* _ASSIGNMENT_
Line by line, the data below should be set down unchanged, with images excluded.

*** Opening of INFORMATION PROVIDED ***

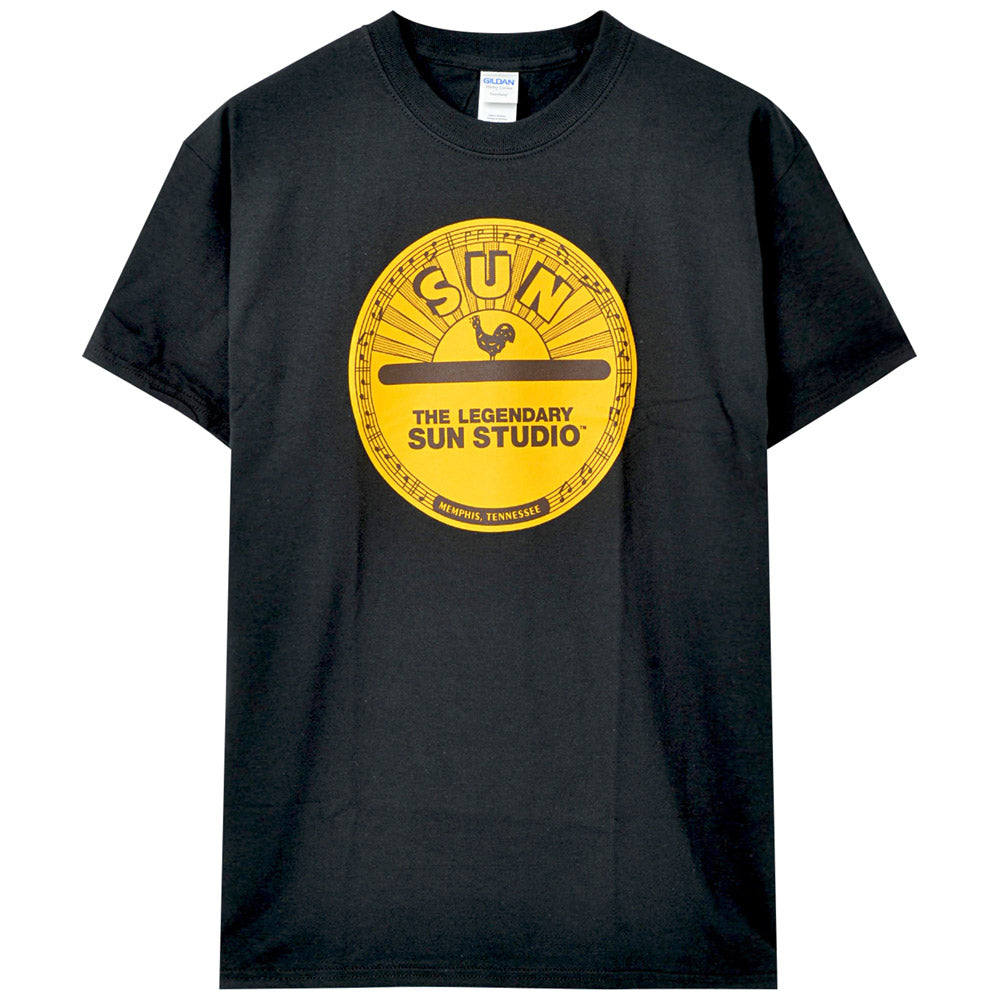 SUN STUDIO - Record Logo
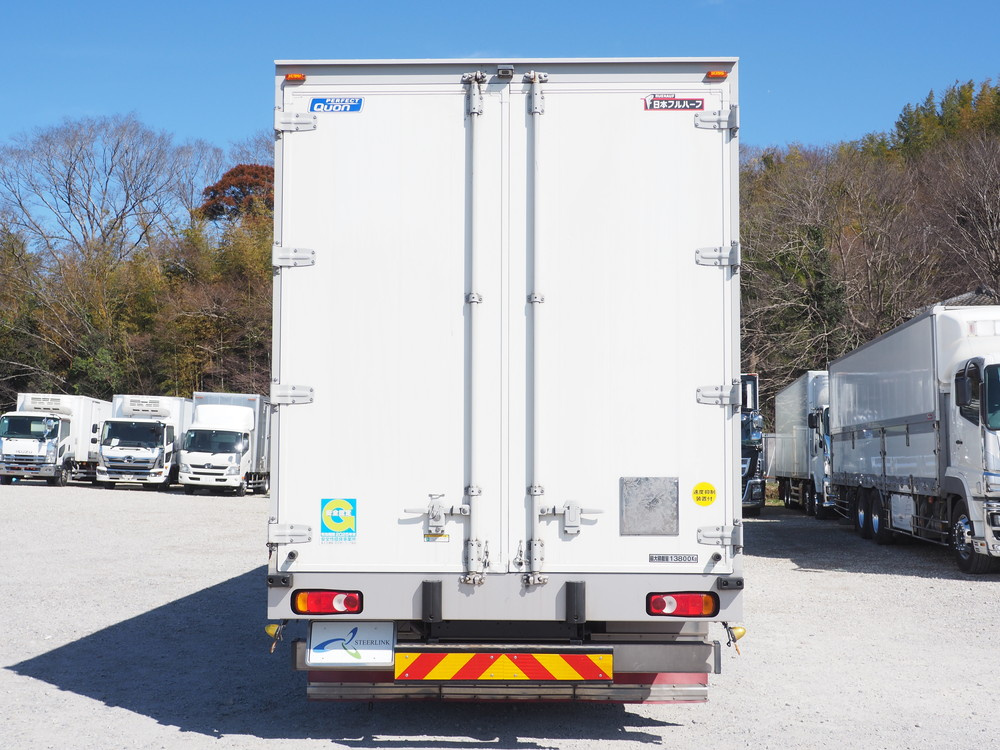 UDトラックス クオン ウイング車 大型 2PG-CG5CA 年式 R1[写真06]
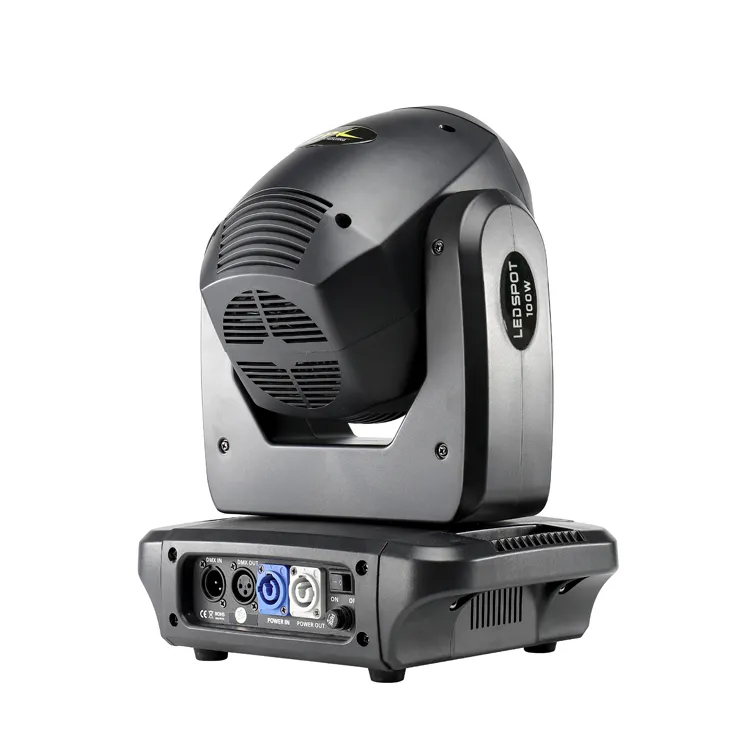 LED Spot Moving Head Light 5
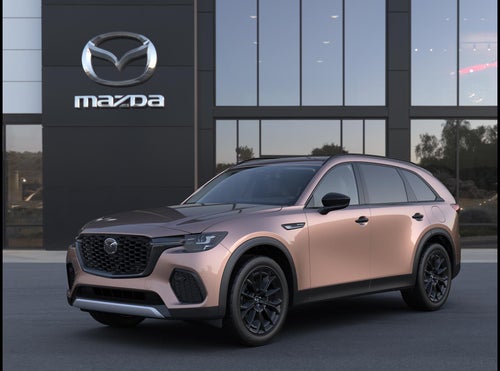 2026 Mazda Mazda CX-70 3.3 Turbo Premium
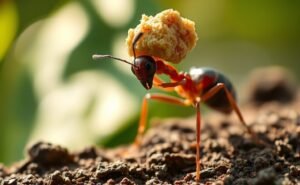 Skruzdėlės: mažieji planetos inžinieriai, apie kuriuos nežinojote visko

*** Close of INFORMATION PROVIDED ***

* _WRITTEN RESPONSE_
 SUN STUDIO - Record Logo
 UDトラックス クオン ウイング車 大型 2PG-CG5CA 年式 R1[写真06]
 LED Spot Moving Head Light 5
 2026 Mazda Mazda CX-70 3.3 Turbo Premium
 Skruzdėlės: mažieji planetos inžinieriai, apie kuriuos nežinojote visko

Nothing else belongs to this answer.